Fashion designer Michael Kors once said, "I've always thought of accessories as the exclamation point of a woman's outfit." At meetings, themes serve the same exclamatory purpose. Like a stunning pair of earrings, a spectacular hat or a gentleman's bold pocket square, a theme is a pop of color that gives an event character and personality.
But anyone who went to their prom knows that not all themes are created equal. While a good theme can make an event, a bad one can just as easily break it.
The difference between the two? The words of another famous fashion designer, Coco Chanel, come to mind. "Before you leave the house, look in the mirror and take one thing off," she once said of fashion accessories. But themed meetings and events are different. Instead of taking things off, planners should pile them on. Because what ultimately makes a theme successful is commitment: To carry their theme over the finish line, planners must go all in to create an experience that's fun instead of flat.
Summer is the perfect time for planners to exercise their thematic muscles. The season allows events to step outside the box physically -- reaching beyond the confines of four walls -- making it easier for planners to step outside the box creatively, too.
Try one of the following five outdoor event themes to set up the perfect backdrop to a memorable summer meeting.
In communities across the country, the highlight of summer is the state or county fair. Meeting planners can capture that excitement by planning a fair- or festival-themed event that has all the hallmarks of a summer carnival, suggest Shutterfly and Social Tables. Start with décor: Think tents and picnic tables. Then, consider activities: pig races, petting zoos, rodeos and pony rides are all "fair" game. So are carnival games like ring toss and balloon pop. How about amusement rides? Maybe a Ferris wheel, for example, or a carousel. And don't forget the food, including wacky creations like rainbow grilled cheese, deep-fried Oreo cookies and totchos (a cross between tater tots and nachos).
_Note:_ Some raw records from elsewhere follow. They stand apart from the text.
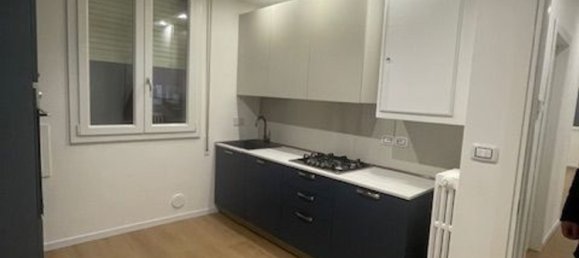 Apartamento de 4 habitaciónes en Carpi, Italy No. 24715 2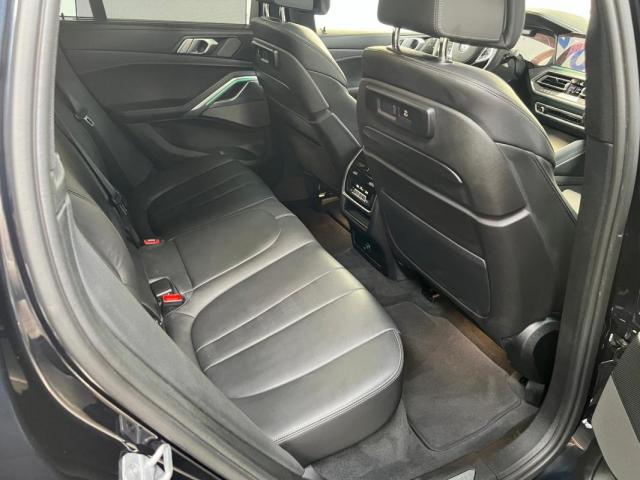 Bmw X6 image 2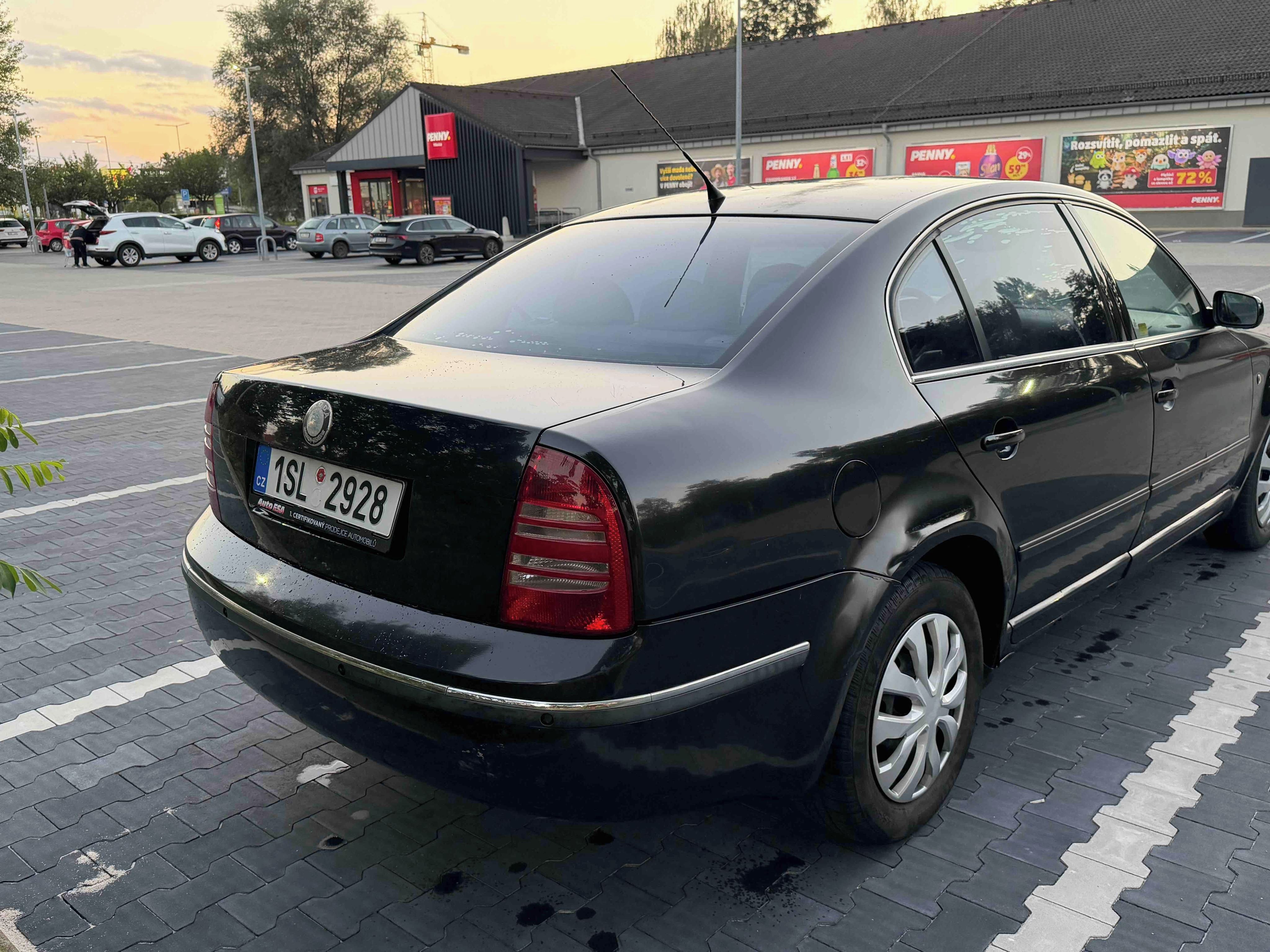 Škoda Superb, 2.0 TDi - fotka 5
For many people, a tried-and-true summer tradition from childhood is summer camp. You can tap into these nostalgic memories by planning a camp-themed event, according to Social Tables. Start with props like real or artificial pine trees, tents and benches, it suggests. A faux bear would be a nice -- and Instagrammable -- touch, too. (Just think of the selfies.) Activities like archery, capture-the-flag and tug-of-war will add an element of competition, and maybe you could even arrange to set up a zip line. Crafting also is a big part of camp; making birdhouses and jewelry can be fun, or you could try more "adult" crafts like DIY beer koozies or a cocktail-creation table. Serve beverages in tin cups and food on melamine dinnerware. And speaking of eats: How about upscale takes on classic summer camp fare, like fancy trail mix with upscale ingredients like Dutch chocolate and organic macadamia nuts; gourmet hot dogs, like a chorizo dog served with chimichurri and smoky red relish; and boozy popsicles? Of course, the day should end with campfires, s'mores and songs.
Drive-in movie theaters are hard to come by these days, but you can recreate this retro recreation at your next event, suggests EventMB. If there's a drive-in theater in your meeting destination, hosting the event there will give you a head start. After all, there's already a movie screen. Thanks to inflatable and pop-up screens, however, you also can also easily hold the event in a park or poolside at a resort. Line the lawn with blankets and pillows. Pop plenty of popcorn. Hire vendors to circulate around the event with classic movie theater snacks and candies. If you're showing a classic or well-known film, you could even display props and posters from the movie, EventMB says. And if you really want to impress? Consider renting a fleet of classic cars or convertibles into which guests can pile for the show. To keep business objectives in mind, Social Tables says, the evening could start with a "movie" of an executive speech or presentation.
If you want to know how to throw an outdoor party on a hot summer night, look no further than the Middle East and Africa, where humankind has been hosting social gatherings in the desert for millennia. To rock a Moroccan motif, you need to lean into bold colors, sensuous seating and exotic flavors, suggests Zohar Productions, a planner of Moroccan-themed parties. Gold furnishings and tableware are a good foundation, as are tents and billowy aerial drapes in shades of red, orange, pink, purple and blue. Lanterns create the right vibe alongside low seating arrangements -- think short, Ottoman-style tables with stools, pillows and cushions, all layered on top of decorative Persian rugs. Potted palms, wooden screens and golden elephants complete the look. You could even bring in sand to create an artificial desert or dunes. With the right precautions, disclaimers and protections, camel rides and hookah pipes give attendees something unique to do and buzz about, according to Creations in Cuisine Catering. If your lawyers won't allow them, artificial versions can still be amusing, serving as a fun photo op for attendees to share on social media. Belly dancers are another lovely entertainment touch, says Creations in Cuisine, which recommends an authentic menu with choices like hummus and lamb. And, of course, baklava for dessert.
Holidays in July
When a heat wave hits, you can cool your meeting down by hosting "Holidays in July." Imagine a traditional winter party, but with a sun-kissed twist. Instead of Christmas trees, for instance, decorate palm trees. Instead of hot cocoa, serve a frozen version that eats like a milkshake, suggests Southern Living magazine. You can serve chilled eggnog, too, peppermint ice cream or frozen margaritas in shades of red and green. Another idea from Southern Living is making wreaths out of cocktail umbrellas. Or, take Buzzfeed's advice and build "sandmen" -- snowmen made with sand. Ask your band to play holiday favorites, but with a Jimmy Buffet sound; think "Jingle Bells" played with Caribbean steel drums, for example. For activities, you can give traditional summer games a festive twist -- instead of volleyball, for instance, the crafting gurus at Pat Catan's suggest setting up a "jollyball" court with a net that's bedazzled in holiday lights. Or you can give winter activities a summer makeover: Instead of a snowball fight, Buzzfeed suggests a water balloon fight with white balloons. An artificial snow machine could really take things over the top. Finally, every holiday party needs photos with Santa. Instead of his usual red suit, however, your Santa should take photos with attendees dressed for the beach or a luau.